Mercoledì, 20 gennaio, il Parlamento di Chisinau è stato preso d’assalto da migliaia di manifestanti moldavi, per chiedere lo scioglimento della nomina del filo-occidentale Pavel Filip, alla guida del nuovo governo della capitale
E’ stata una settimana frenetica e piena di risvolti e stravolgimenti politici, quella vissuta dalla città di Chisinau, capitale della Moldova. Già da sabato, 16 gennaio, le strade della città, sono state invase da circa 20 mila protestanti, esasperati dalle difficili condizioni economiche e politiche in cui il paese versa da anni, ora diventate davvero insostenibili.

Fortemente precari risultano essere gli equilibri politici di Chisinau, entrata nel nuovo anno, senza un governo stabile. L’atmosfera è sempre più tesa, e le proteste e gli scontri – che animano la città ormai da diversi mesi – si fanno sempre più intensi, e coinvolgono entrambi i lati dello spettro politico. A fare da miccia all’esplosione delle rivolte, ormai incontenibili, fu la diffusione, da parte dei media locali, di una frode – avvenuta a ridosso delle elezioni parlamentari del 2014 – che vide coinvolte tre banche moldave, in un furto di circa un milione e mezzo di dollari. Tale frode, spinse gli istituti di credito sull’orlo del fallimento e spazzò via le stime di crescita del PIL del Paese.

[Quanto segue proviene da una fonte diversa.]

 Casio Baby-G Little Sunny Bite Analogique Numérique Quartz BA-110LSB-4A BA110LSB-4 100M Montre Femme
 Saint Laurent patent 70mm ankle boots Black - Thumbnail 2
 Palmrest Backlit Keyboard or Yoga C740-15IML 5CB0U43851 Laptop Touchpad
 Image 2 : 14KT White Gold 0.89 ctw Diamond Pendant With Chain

La crisi continuò ad aggravarsi, a seguito della decisione da parte dell’Unione Europa e della Banca Mondiale – con le quali la Moldavia ha firmato un accordo di associazione politica e commerciale, a cui la Russia si oppone – di sospendere i finanziamenti alla Repubblica.
Le recenti proteste, sono state scatenate dalla decisione di Nicolae Timofti – presidente uscente della Moldova – di nominare il vice presidente del Partito democratico e ministro della comunicazione, Pavel Filip, alla carica di primo ministro, in seguito al ritiro della candidatura di Ion Paduraru. Secondo il leader del movimento “Dignità e verità”, Andrei Nastase, la decisione del presidente Timofti di nominare quale premier Filip, rappresenta un tradimento. Il ritiro della candidatura da parte di Ion Paduraru avrebbe creato “le condizioni adatte per il presidente e per la mafia”.
L’unica soluzione per porre fine al clima di corruzione che alberga all’Interno del Parlamento della capitale, è l’indizione di elezioni anticipate del paese. Questo è quanto è stato chiesto dalle migliaia di persone scese in piazza, che, al grido di “noi siamo il popolo”, “Fuori la dittatura”, “Le elezioni”, hanno aderito a tre diverse manifestazioni organizzate sia dal partito socialista di sinistra di Moldova che dal centro-destra di Piattaforma Civica (DA). Entrambi i fronti politici, nonostante programmi e ideologie molti differenti, si trovano concordi nella richiesta delle dimissioni dei corrotti, in nome di un governo più limpido.
La forte opposizione dimostrata dal popolo moldavo, nei confronti dell’elezione del nuovo presidente Filip, non è bastata a far desistere il parlamento dal formare un nuovo governo. Il filo occidentale Filip – mercoledì, 20 gennaio – ha infatti ottenuto la fiducia al nuovo governo, con il voto favorevole di 57 deputati su 101.
Durissime sono state le reazioni da parte dei cittadini di Chisinau, che nel pomeriggio della data dell’elezione, hanno assaltato il Parlamento, sfondando i cordoni di Polizia. In migliaia si sono scagliati contro gli agenti, uniti nel chiedere a gran voce, l’annullamento della votazione. Secondo quanto riportato dai media locali, i membri del governo ed i parlamentari, sarebbero fuggiti da un passaggio sotterraneo. Per far rientrare la situazione, la polizia ha sparato gas lacrimogeni sui rivoltosi.